Their first service launch has been delayed, but Sprint Nextel CEO Dan Hesse repeated his vow to blanket the US with a WiMAX network in his talk at CTIA this week.
I sincerely hope he succeeds. We need as many competing data networks as possible, if we're to see any measure of open mobile Internet access. However, I'm worried.
WiMAX has been quite successful in emerging markets, providing fixed wireless
Internet access in countries as diverse as Pakistan, Bulgaria, Nigeria, Georgia, Ethiopia and Georgia (the country!).

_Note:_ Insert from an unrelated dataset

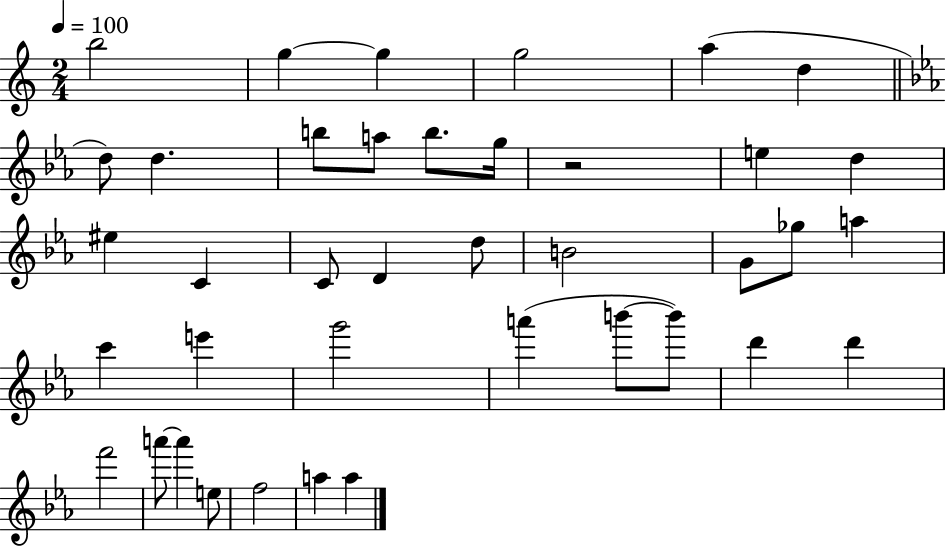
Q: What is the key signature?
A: C major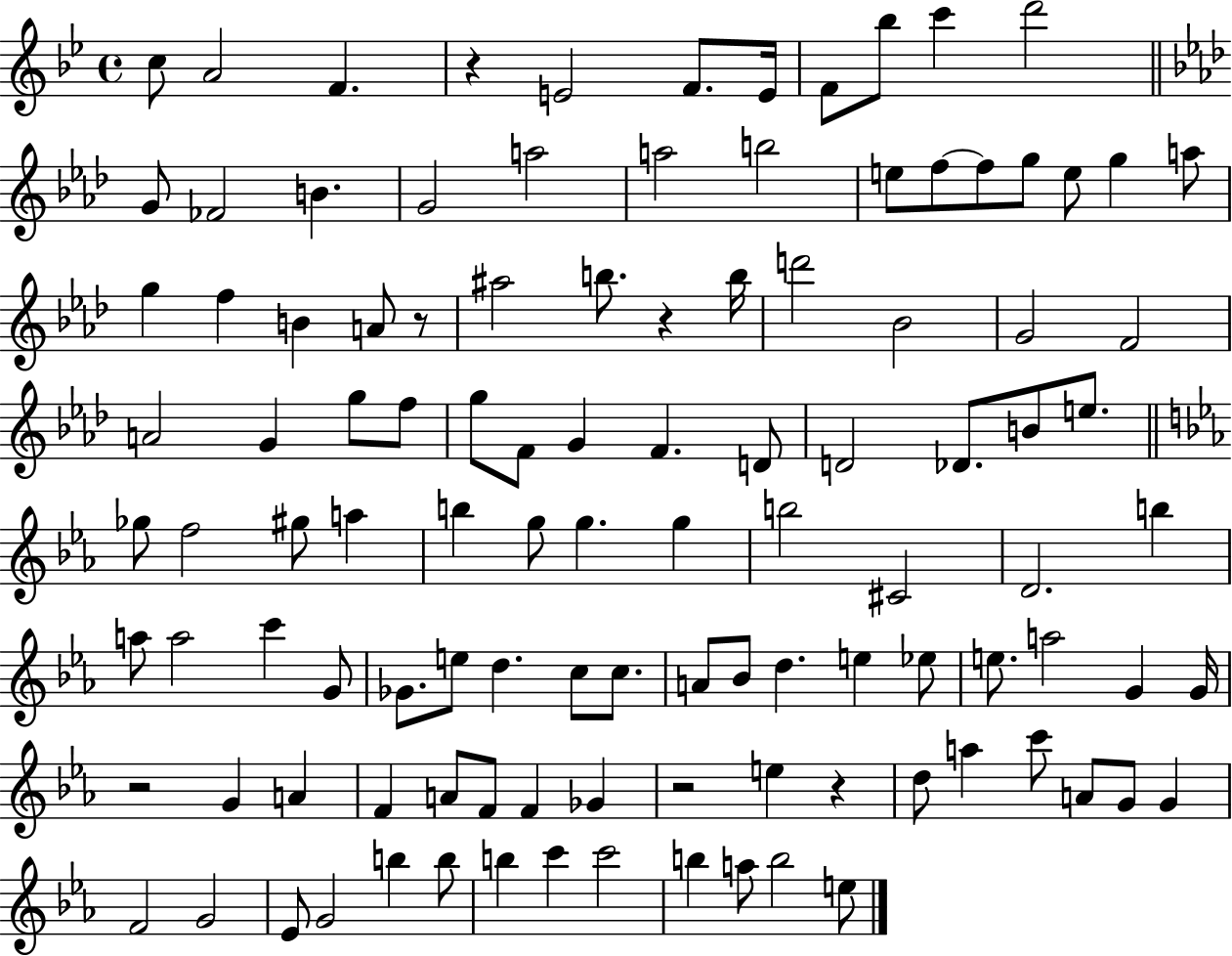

The US is another story. The only significant US deployment is Clearwire's with roughly 400K subscribers, but on a mostly
“pre-WiMax” network. Again, the application is fixed wireless Internet
access.
It’s one thing to use fixed WiMAX to provide Internet access in
Pakistan. It’s another thing to compete for fixed access in the US. Yes, our telephone & cable duopoly is moving slowly, but
they are going after all the more profitable neighborhoods with broadband offerings substantially faster than what fixed WiMAX provides.
What about mobile WiMAX? Mobile WiMAX is
in trials today, using technology and providing performance that the 3GSM
community will only see 2–3 years from now. Sprint clearly hopes to use WiMAX as a springboard past its competitors and past concerns about its declining user base. Presumably, in the longer term, they hope to converge
their dissimilar networks (Sprint EVDO and Nextel iDEN) on mobile WiMAX. But can mobile WiMAX build a large enough market soon enough?
Volume
drives down cost and cost advantages win in the end — witness Verizon’s
announcement that they are jumping ship on Qualcomm’s CDMA evolution in favor
of the 3GSM community’s long term evolution (LTE). Today, GSM networks
(GSM/ EDGE/ W-CDMA/ HSPA) have 80% of the world mobile phone market with billions of subscribers and a billion or so handsets manufactured each
year. Right now the entire Sprint-Nextel customer base is ~54 million subscribers.
Perhaps emerging markets will also adopt mobile WiMAX, thus driving up volumes?
Unfortunately emerging markets are even more price sensitive with the high
volume application being basic voice telephony plus SMS. GSM is the lowest cost solution
by a wide margin.
I hope I'm wrong. I hope mobile WiMAX's performance lead (over LTE) is enough to carry the day. And, in particular, as I’ve written before, I would very much like to see Sprint succeed, with or without Clearwire, because their WiMAX network would represent yet another source of wireless Internet access. With four of more networks
capable of mobile broadband Internet access, competitive pressures alone should give us what the FCC is currently ignoring, i.e. mobile data plans that are both open and reasonably priced.